Your objective
Repeat exactly the lines from the start of the records below through the line that contains "Gifts Lovers Elf", including both.

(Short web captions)
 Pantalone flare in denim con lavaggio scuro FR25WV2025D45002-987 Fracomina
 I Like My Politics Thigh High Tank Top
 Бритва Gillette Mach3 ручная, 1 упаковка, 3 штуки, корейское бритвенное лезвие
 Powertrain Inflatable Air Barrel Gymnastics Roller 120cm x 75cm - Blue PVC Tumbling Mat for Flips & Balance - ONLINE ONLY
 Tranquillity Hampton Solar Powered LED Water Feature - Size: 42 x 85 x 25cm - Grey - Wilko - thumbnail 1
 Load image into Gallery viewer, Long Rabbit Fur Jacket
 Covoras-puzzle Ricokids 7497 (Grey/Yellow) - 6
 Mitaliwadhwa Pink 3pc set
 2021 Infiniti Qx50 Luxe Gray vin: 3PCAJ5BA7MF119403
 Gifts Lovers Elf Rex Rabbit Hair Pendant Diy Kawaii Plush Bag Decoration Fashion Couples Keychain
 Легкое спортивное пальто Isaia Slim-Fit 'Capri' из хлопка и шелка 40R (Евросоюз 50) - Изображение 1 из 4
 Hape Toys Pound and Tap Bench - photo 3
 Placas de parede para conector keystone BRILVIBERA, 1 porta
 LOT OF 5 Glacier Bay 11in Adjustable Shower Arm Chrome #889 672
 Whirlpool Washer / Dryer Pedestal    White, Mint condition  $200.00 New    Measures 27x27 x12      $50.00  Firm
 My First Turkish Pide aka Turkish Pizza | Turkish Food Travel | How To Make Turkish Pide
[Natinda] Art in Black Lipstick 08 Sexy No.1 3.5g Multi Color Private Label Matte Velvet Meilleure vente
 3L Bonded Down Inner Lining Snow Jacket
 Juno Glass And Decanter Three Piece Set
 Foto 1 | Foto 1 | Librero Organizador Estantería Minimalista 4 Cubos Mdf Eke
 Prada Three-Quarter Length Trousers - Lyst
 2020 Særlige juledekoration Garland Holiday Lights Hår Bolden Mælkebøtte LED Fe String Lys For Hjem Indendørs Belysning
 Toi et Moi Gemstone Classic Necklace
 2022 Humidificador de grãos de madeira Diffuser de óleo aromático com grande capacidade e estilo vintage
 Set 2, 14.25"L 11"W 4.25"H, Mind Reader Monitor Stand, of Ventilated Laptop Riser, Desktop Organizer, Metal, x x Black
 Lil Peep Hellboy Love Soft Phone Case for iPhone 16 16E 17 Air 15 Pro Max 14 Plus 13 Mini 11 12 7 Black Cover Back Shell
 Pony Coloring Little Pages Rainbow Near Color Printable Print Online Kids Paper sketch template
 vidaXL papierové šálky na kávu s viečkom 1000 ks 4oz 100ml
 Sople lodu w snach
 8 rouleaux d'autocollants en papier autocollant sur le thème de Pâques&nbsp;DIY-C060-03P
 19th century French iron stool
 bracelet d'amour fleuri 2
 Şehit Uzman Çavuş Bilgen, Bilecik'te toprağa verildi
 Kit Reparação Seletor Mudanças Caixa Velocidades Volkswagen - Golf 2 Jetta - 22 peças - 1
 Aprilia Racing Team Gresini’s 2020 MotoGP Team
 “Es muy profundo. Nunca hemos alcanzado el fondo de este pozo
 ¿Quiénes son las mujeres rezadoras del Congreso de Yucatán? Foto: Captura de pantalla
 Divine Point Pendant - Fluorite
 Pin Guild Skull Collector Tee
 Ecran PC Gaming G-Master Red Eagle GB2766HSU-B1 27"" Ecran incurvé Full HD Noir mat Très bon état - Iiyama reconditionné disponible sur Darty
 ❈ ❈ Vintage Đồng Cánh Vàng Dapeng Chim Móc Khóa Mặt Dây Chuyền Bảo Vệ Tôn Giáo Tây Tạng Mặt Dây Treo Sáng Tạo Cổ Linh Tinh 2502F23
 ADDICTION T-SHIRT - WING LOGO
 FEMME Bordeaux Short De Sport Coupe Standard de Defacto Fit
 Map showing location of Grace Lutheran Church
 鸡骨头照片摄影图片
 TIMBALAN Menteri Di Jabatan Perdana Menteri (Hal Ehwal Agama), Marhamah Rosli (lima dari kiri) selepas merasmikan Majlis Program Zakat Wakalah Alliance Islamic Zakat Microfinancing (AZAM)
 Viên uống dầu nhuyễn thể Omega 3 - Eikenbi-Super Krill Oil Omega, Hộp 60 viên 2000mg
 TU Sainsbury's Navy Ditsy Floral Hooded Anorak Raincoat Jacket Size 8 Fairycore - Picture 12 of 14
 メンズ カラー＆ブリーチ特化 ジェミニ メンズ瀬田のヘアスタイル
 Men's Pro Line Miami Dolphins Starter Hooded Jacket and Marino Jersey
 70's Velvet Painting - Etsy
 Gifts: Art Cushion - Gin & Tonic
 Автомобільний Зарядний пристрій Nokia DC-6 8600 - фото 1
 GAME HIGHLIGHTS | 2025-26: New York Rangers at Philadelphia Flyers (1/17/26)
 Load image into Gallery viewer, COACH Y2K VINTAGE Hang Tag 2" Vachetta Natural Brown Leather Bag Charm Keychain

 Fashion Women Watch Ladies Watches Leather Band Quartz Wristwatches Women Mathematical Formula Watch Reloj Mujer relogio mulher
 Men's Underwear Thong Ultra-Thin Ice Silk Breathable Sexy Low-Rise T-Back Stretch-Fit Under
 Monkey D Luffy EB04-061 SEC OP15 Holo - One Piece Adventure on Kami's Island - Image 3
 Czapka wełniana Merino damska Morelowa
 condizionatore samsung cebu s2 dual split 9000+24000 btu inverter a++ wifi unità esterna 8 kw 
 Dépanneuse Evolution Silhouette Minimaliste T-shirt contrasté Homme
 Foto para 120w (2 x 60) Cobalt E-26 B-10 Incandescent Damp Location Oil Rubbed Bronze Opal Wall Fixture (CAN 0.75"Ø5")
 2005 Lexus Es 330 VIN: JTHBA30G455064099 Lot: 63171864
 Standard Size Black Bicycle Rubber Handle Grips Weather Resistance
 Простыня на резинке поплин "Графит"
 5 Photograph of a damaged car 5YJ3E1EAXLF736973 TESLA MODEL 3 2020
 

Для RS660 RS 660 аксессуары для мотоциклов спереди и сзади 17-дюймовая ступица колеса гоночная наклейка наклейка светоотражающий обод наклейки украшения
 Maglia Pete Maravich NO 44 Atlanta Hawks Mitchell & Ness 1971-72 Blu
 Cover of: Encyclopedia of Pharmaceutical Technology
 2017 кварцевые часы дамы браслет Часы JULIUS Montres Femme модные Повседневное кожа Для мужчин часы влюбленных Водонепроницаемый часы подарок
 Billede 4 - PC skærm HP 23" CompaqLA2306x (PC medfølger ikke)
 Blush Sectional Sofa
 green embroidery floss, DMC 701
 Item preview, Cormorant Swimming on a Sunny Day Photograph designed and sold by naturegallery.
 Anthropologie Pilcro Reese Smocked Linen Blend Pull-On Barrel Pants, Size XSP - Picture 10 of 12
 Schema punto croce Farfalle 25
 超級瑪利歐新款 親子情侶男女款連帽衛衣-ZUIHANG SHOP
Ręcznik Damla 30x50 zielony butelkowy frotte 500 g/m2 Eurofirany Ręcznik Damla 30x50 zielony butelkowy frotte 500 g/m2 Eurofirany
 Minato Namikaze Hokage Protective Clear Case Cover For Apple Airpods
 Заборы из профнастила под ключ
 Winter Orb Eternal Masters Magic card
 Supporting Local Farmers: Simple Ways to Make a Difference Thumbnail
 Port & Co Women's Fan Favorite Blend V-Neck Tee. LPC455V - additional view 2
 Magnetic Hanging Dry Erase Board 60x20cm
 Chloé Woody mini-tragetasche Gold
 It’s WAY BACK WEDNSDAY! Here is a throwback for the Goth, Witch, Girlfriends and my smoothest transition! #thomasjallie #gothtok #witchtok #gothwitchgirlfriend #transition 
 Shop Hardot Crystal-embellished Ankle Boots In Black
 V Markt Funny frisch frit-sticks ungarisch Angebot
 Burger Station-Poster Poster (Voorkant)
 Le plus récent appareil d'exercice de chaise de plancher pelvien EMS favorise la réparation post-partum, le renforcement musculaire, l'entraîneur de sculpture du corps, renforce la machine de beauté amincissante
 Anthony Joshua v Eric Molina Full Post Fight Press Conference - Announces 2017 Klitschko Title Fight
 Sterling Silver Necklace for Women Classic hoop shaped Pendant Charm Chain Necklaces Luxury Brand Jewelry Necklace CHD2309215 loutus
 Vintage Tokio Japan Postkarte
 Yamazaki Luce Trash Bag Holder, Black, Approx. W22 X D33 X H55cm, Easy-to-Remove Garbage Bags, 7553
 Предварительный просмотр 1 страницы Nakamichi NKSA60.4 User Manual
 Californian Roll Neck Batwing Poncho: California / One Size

Answer area
 Pantalone flare in denim con lavaggio scuro FR25WV2025D45002-987 Fracomina
 I Like My Politics Thigh High Tank Top
 Бритва Gillette Mach3 ручная, 1 упаковка, 3 штуки, корейское бритвенное лезвие
 Powertrain Inflatable Air Barrel Gymnastics Roller 120cm x 75cm - Blue PVC Tumbling Mat for Flips & Balance - ONLINE ONLY
 Tranquillity Hampton Solar Powered LED Water Feature - Size: 42 x 85 x 25cm - Grey - Wilko - thumbnail 1
 Load image into Gallery viewer, Long Rabbit Fur Jacket
 Covoras-puzzle Ricokids 7497 (Grey/Yellow) - 6
 Mitaliwadhwa Pink 3pc set
 2021 Infiniti Qx50 Luxe Gray vin: 3PCAJ5BA7MF119403
 Gifts Lovers Elf Rex Rabbit Hair Pendant Diy Kawaii Plush Bag Decoration Fashion Couples Keychain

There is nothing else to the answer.